By Kayode Ketefe
When a nation is troubled socio-economically, there usually emerge a number of oddities and aberrations of norms that would require considerable efforts cum political will to correct.
One of the oddities in our society recently forced itself once again into my consciousness when an acquaintance was recently arrested by the police.
His offence being that he owed a well-documented, undisputed debt that he had not finished paying. His creditor became impatient and resorted to the now “usual” method. He lodged the report against the debtor at a police station and, apparently after due tipping, got the officers mobilized! The debtor was promptly arrested and detained to pay back the debt or face elongated incarceration.
Debt recovery is a normal part of commercial transactions. It is settled that since modern business cannot thrive without borrowing and lending, the legal system of any nation should make adequate provisions to regulate this aspect of commerce. The phenomenon is regulated in Nigeria, like in other places with common law system, by the law of contract, banking law, and negotiable instruments, credit sale law and so on.
This implies that recourse must be made to the court of law by invoking the civil jurisdiction of the court if the parties cannot resolve their differences amicably.
However, in Nigeria, a culture of debt recovery that is rampant is the employment of the coercive powers of the forces like the police or even the Nigerian Army for the purpose of debt recovery.
Most Nigerians are aware of this entrenched culture of debt recovery practice whereby the creditors, including, unfortunately “enlightened institutions” like banks, enlist the help of the police or the even the military to recover debts extra-judicially from the debtors.
When I was discussing this problem in the midst of some friends, a female banker (name withheld) told me that exigencies had necessitated involving the police in debt recovery and that the practice “is an efficient method”.
She further said “We all know the problem of undue delay one invariably encounters in court; at times it may take years for a simple contractual case to be decided as a result of incessant adjournments.
“But with the police, the case is different as many people are afraid of being arrested or detained; many recalcitrant debtors would therefore pay up.” the banker concluded.
In spite of this, it may be unequivocally stated that the practice is not supported by the Nigerian law. For instance, section 214 of the 1999 Constitution, which created the Nigerian Police states inter-alia ‘there shall be a police force for Nigeria, which shall be known as Nigeria Police Force, and subject to the provisions of this section, no other police force shall be established for the federation or any part thereof.”
In specific terms, Section 4 of the Police Act, which stipulates the functions of the police provides thus: “The police shall be employed for the prevention and detection of crime, the apprehension of offenders, the preservation of law and order, the protection of life and property and the due enforcement of all laws and regulations with which they are directly charged, and shall perform such duties within or without Nigeria as may be required by them by, or under the authority of, this or any other Act.”

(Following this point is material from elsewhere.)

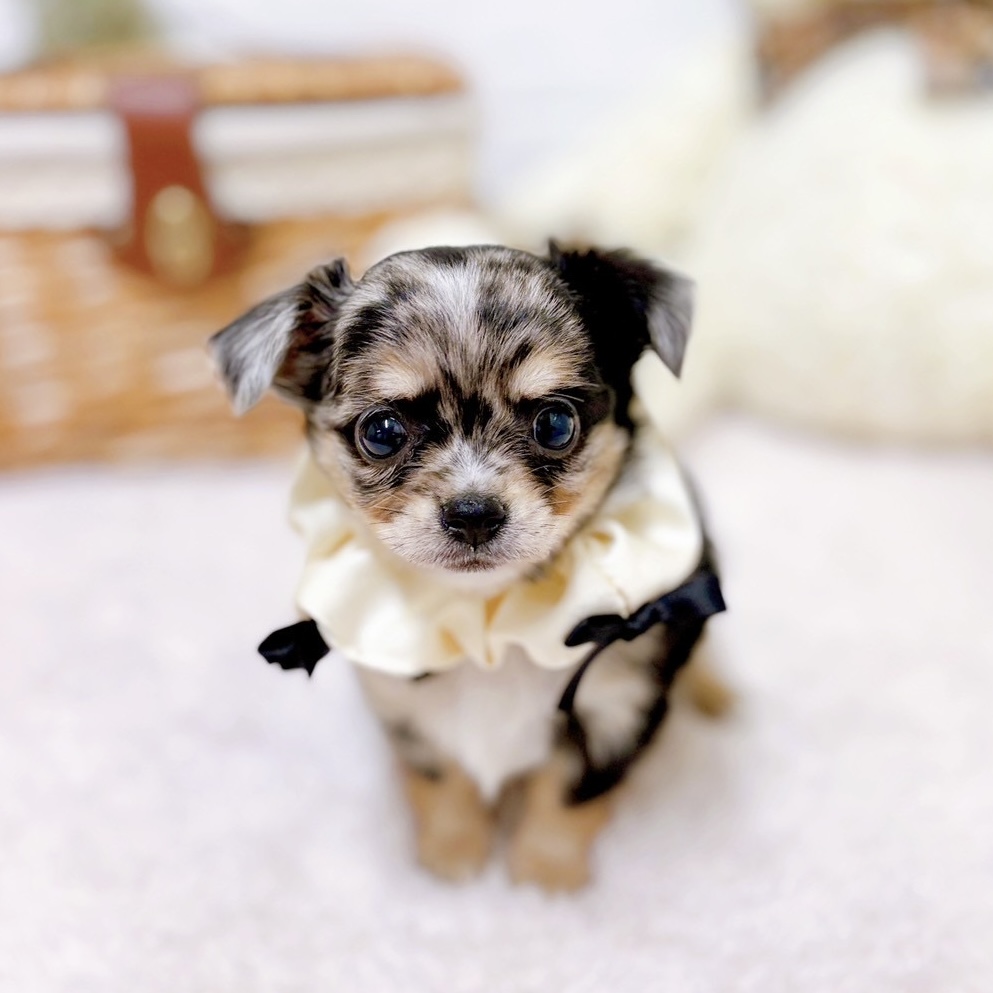 福岡県のチワワ(ロング) (犬の家＆猫の里くりえいと宗像店/2025年10月7日生まれ/女の子/ブルーマール)の子犬の4枚目の画像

It is therefore clear that from both the Police Act and the 1999 Constitution that nothing empowers the Nigerian police to help individual or institution to collect debt despite the rampancy of the practice.
A number of judicial pronouncements over the years have also underscored the fact that the police have no business in debt collection if the transaction does not involve fraud. In a recent case, a Federal High Court Judge, Justice Okon Abang, roundly condemned the Nigerian police for helping a bank (name withheld) to collect debt from a customer (I. Chukwuemeka) extra-judicially.

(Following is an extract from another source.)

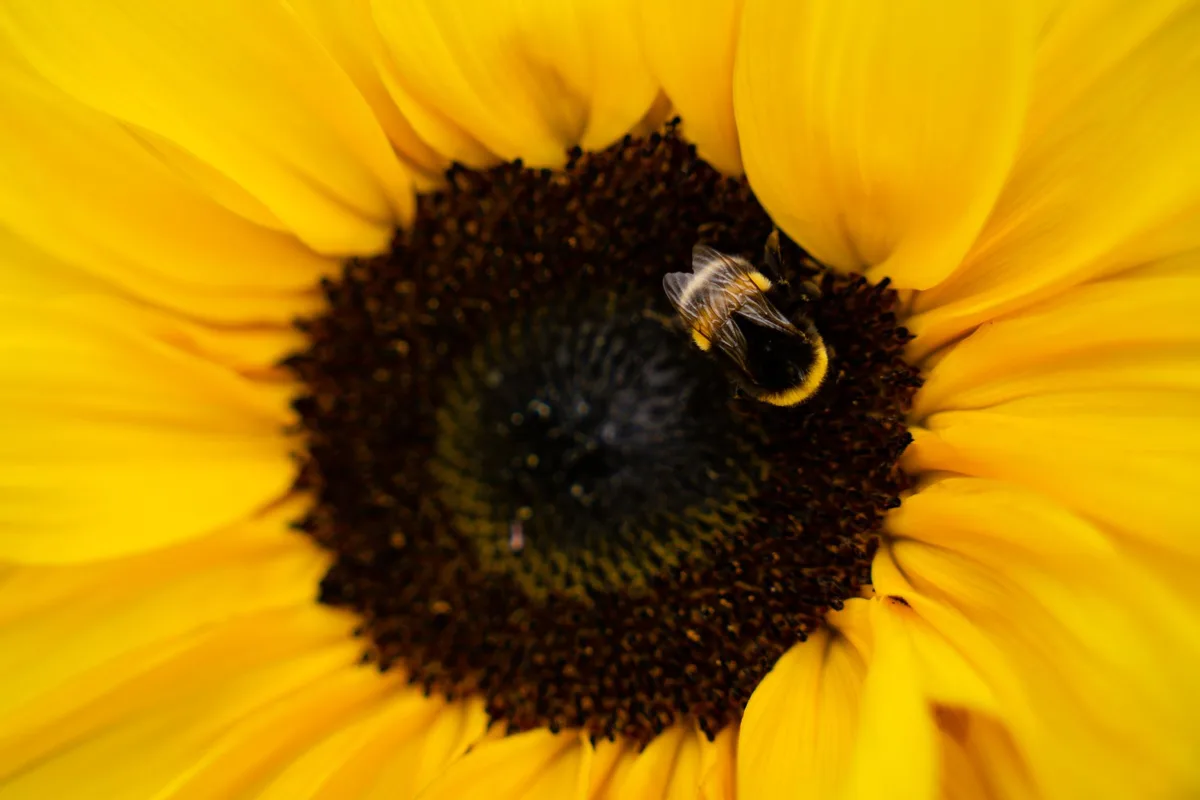 native bee on sunflower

In the case, the plaintiff, who had taken a N900, 000 loan from the bank defaulted after making some payments. The bank enlisted the help of the police to recover the debt and later arrested and detained him.
The police further collected a cheque of N100, 000 from him under duress and kept harassing him to pay the rest. Chukwuemeka then filed an action in court alleging that his right had been violated and prayed the court for an order of injunction restraining the police from further arresting and detaining him.

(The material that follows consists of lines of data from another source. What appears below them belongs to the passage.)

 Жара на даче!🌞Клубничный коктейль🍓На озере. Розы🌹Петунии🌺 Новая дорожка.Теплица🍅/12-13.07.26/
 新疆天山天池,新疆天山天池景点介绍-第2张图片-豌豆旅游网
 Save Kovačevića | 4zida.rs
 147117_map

In his judgement, Justice Abang berated the police, stressing they had no right to convert themselves into debt collection agency. The judge added that the police had misused the coercive powers of the state and awarded the damages of N500, 0000 in addition to a N50, 000 costs. There are numerous judicial authorities like this but space would not permit reporting them. It is however suffice to say that the illicit practice must stop.
This surely is one of the oddities in socio-economic life that the incoming government must strive to stop, we must learnt to do things in proper way and stop all morbid aberrations haunting our system.